[Work instruction]
Exactly the lines below, starting with the one containing "2016 Hyundai Elantra Image 14" and going on through the one containing "Hotty_Evochka from StripChat is Freechat", must be reproduced, both ends included, and no pictures with them.

Records from a data source
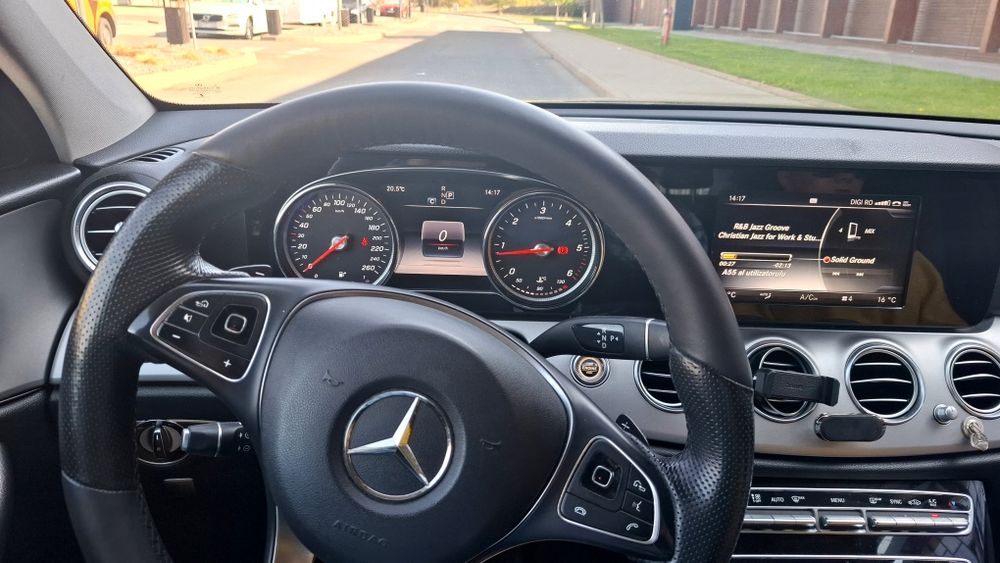 Vand Mercedes-Benz E Class w213 excelent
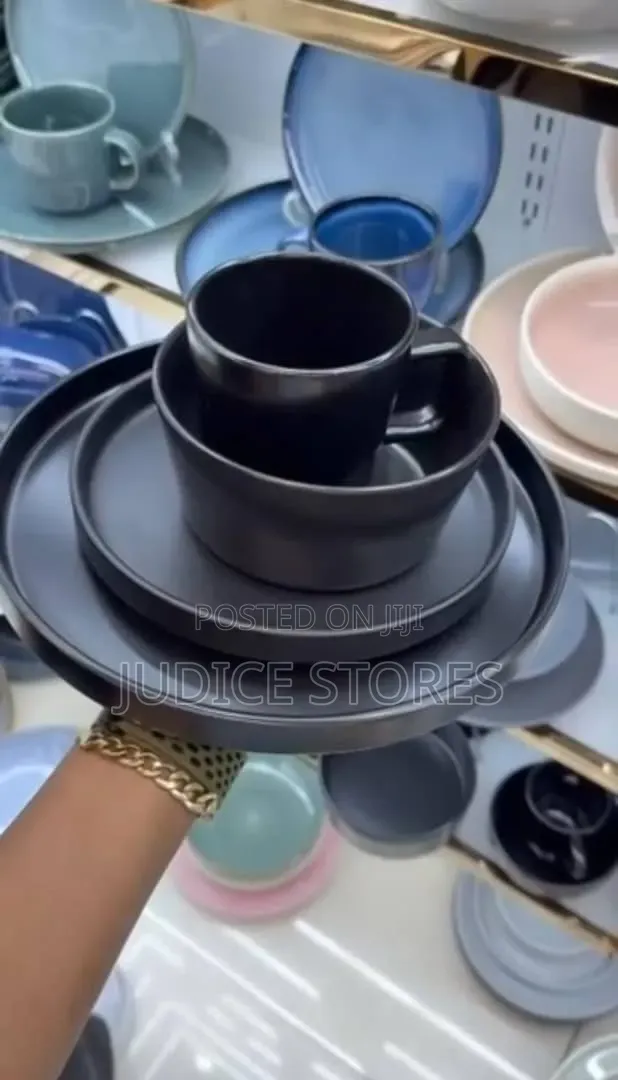 16 Piece Dinner Set-White and Black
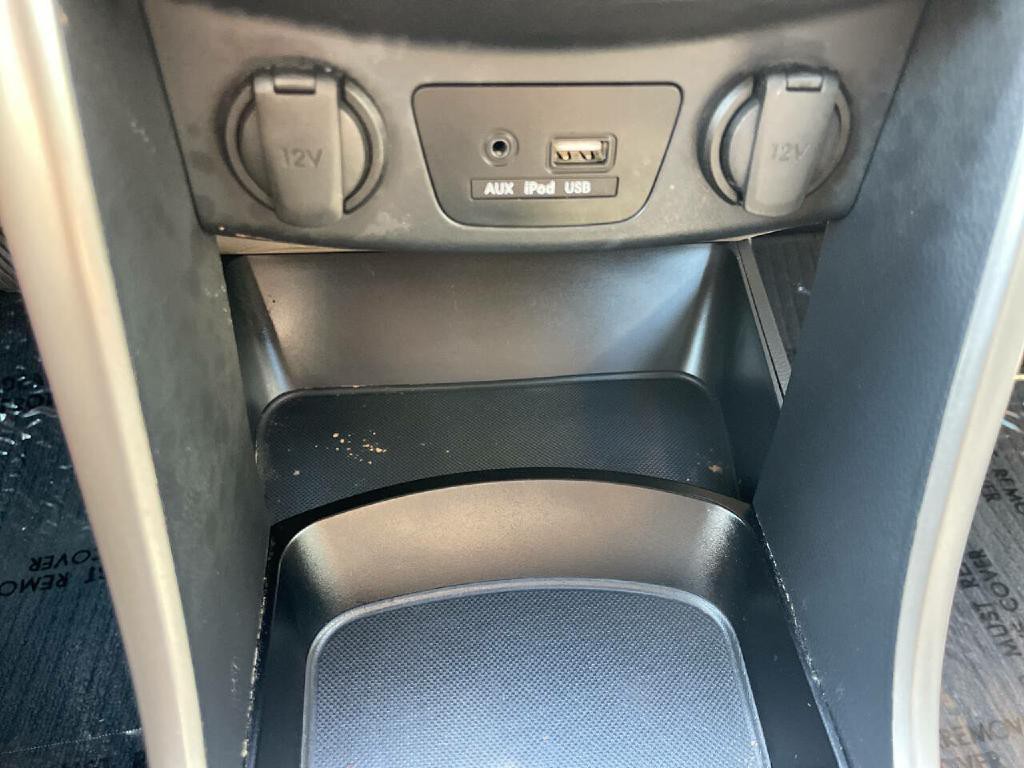 2016 Hyundai Elantra Image 14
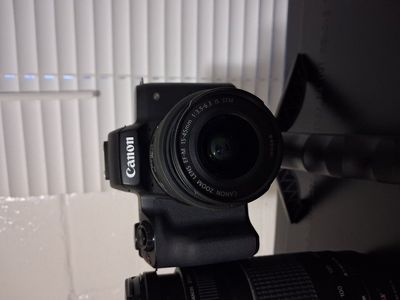 Canon Camera M50
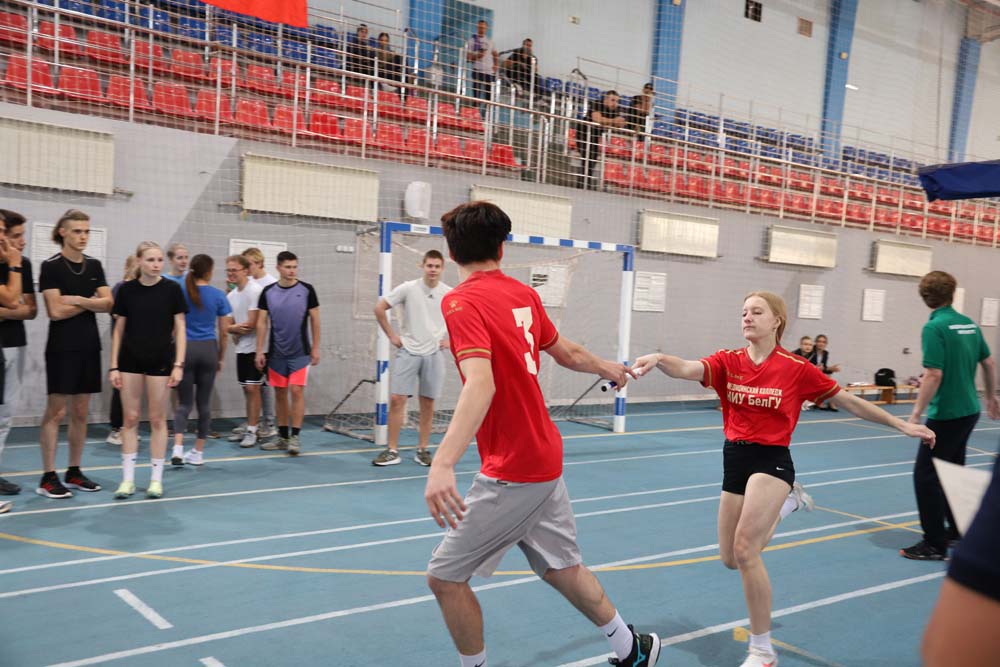 Команда педагогического института одержала победу в смешанной легкоатлетической эстафете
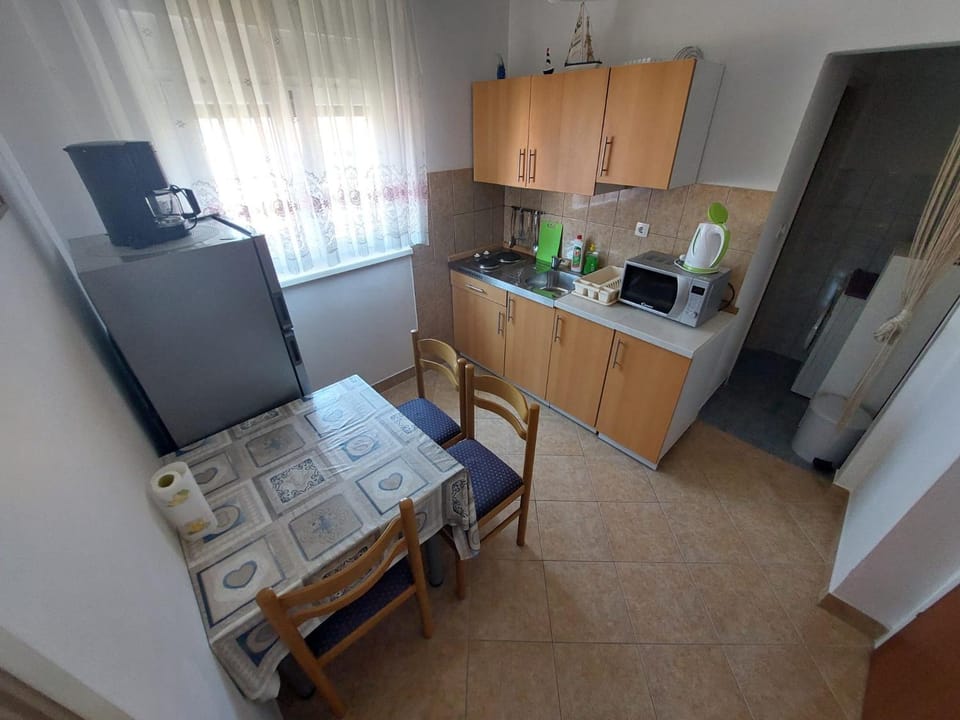 Kitchen or kitchenette, Seating area, Dining area, minibar, pet friendly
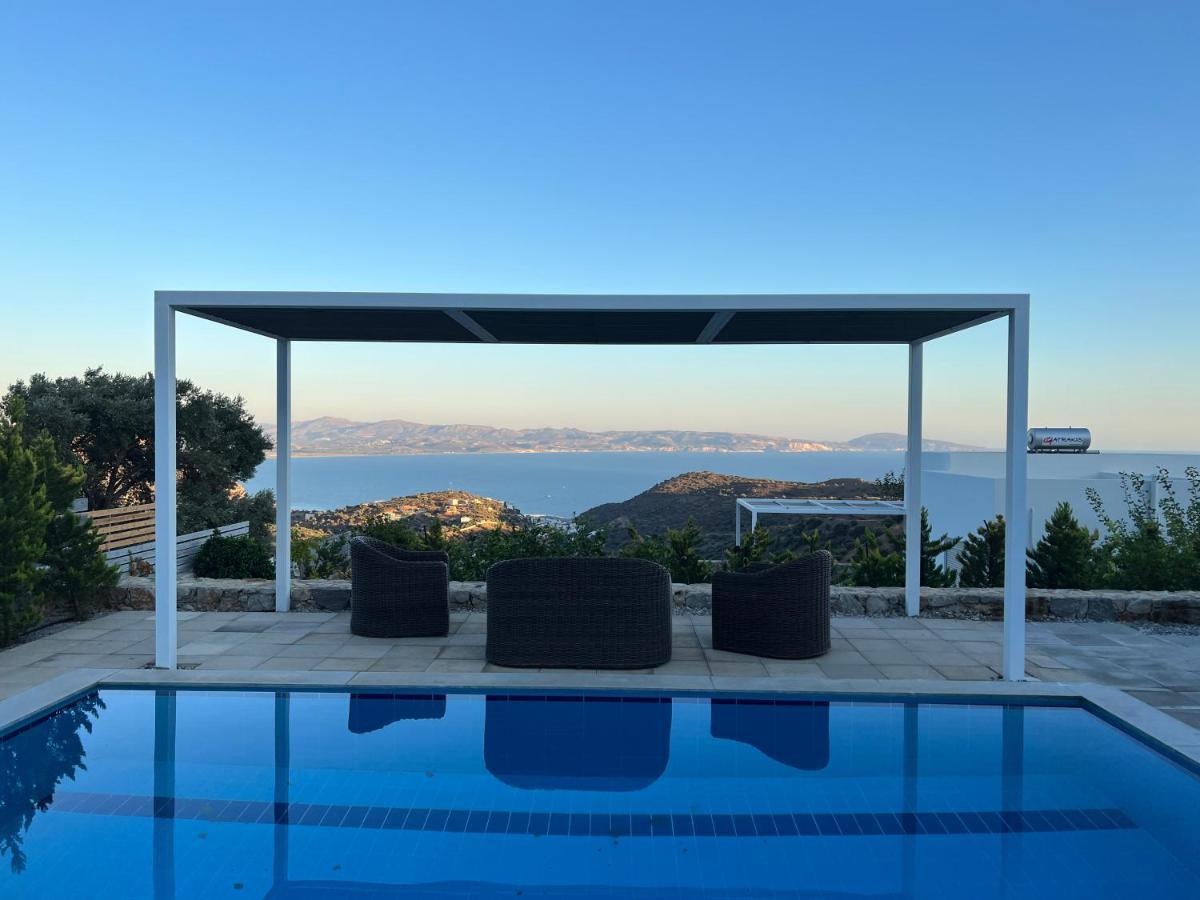 איה גליני Evgoro Luxury Suites מראה חיצוני תמונה
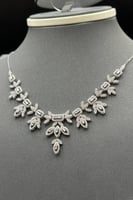 طقم ذهب أبيض للعروس عيار 18 همس التتويج وزن 16.6 ج...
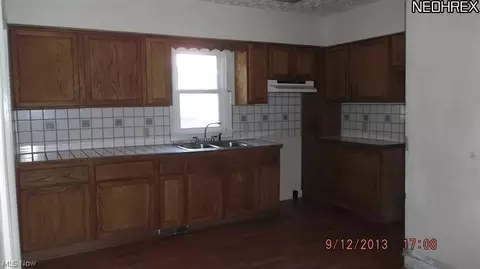 625 W 57th St, Ashtabula, OH 44004 photo 6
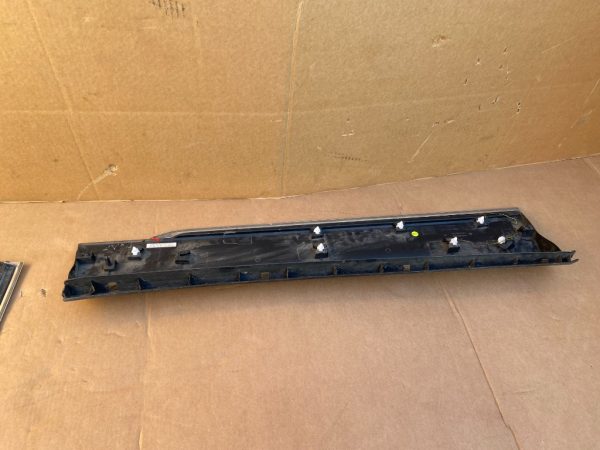Bandou usa dreapta fata VW Tiguan 2017 5NA854940E 5NA 854 940 E 5NA854940F 5NA 854 940 F - Dezmembrari Auto - imagine 2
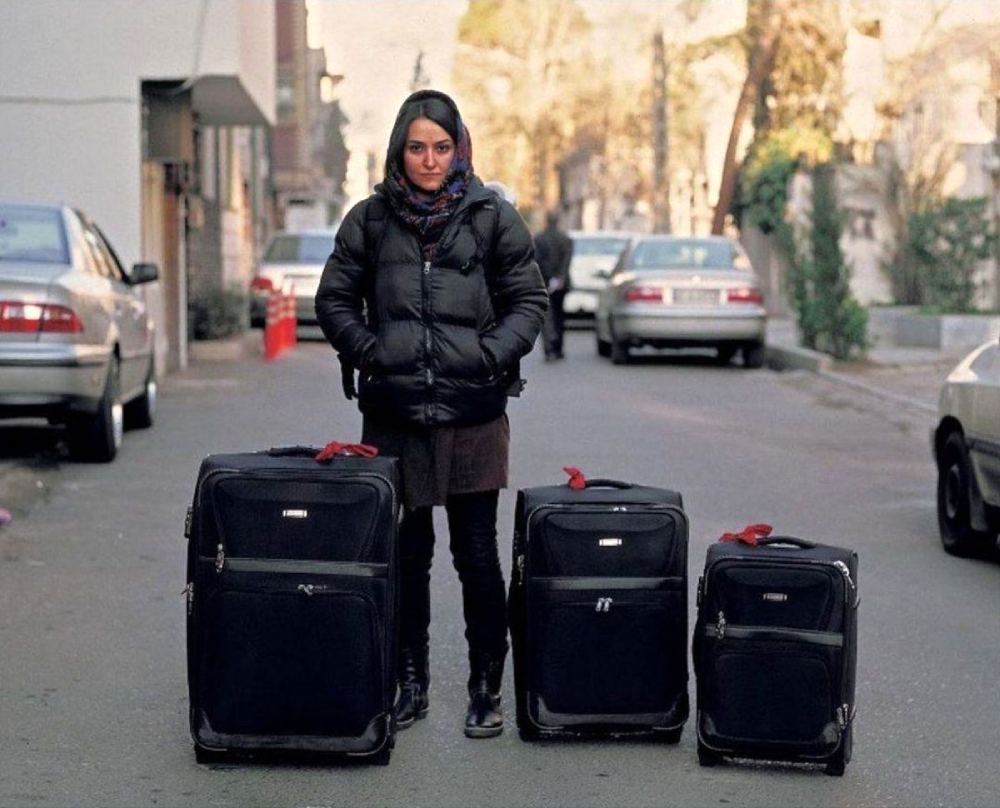 ۵ عامل اصلی میل به مهاجرت ایرانی‌ها در سال ۱۴۰۱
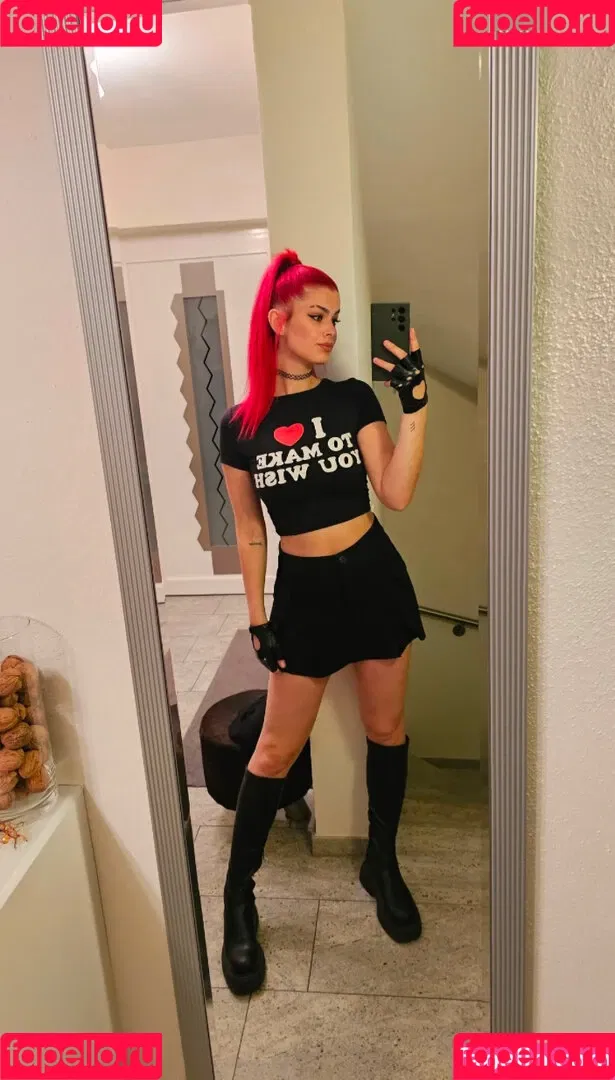 AnnaGazanis / anna.gazanis Onlyfans Photo Gallery 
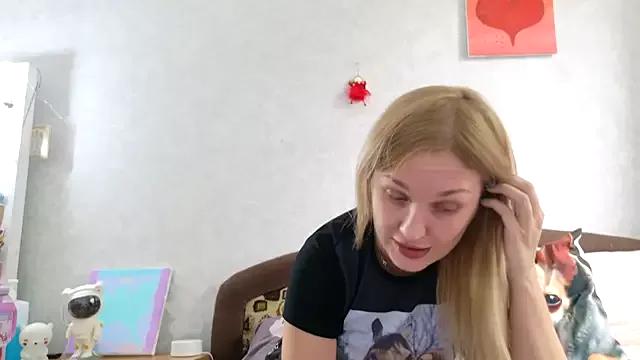 Hotty_Evochka from StripChat is Freechat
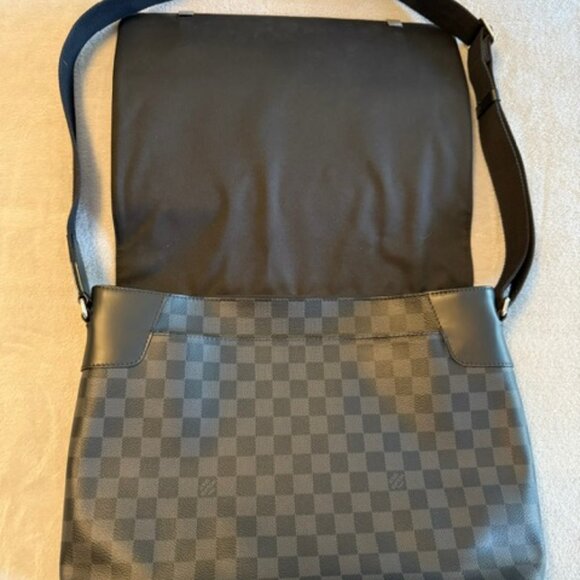 LOUIS VUITTON District PM Messenger Bag (pre owned, like new!) - Picture 6 of 9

[Finished exercise]
 2016 Hyundai Elantra Image 14
 Canon Camera M50
 Команда педагогического института одержала победу в смешанной легкоатлетической эстафете
 Kitchen or kitchenette, Seating area, Dining area, minibar, pet friendly
 איה גליני Evgoro Luxury Suites מראה חיצוני תמונה
 طقم ذهب أبيض للعروس عيار 18 همس التتويج وزن 16.6 ج...
 625 W 57th St, Ashtabula, OH 44004 photo 6
Bandou usa dreapta fata VW Tiguan 2017 5NA854940E 5NA 854 940 E 5NA854940F 5NA 854 940 F - Dezmembrari Auto - imagine 2
 ۵ عامل اصلی میل به مهاجرت ایرانی‌ها در سال ۱۴۰۱
 AnnaGazanis / anna.gazanis Onlyfans Photo Gallery 
 Hotty_Evochka from StripChat is Freechat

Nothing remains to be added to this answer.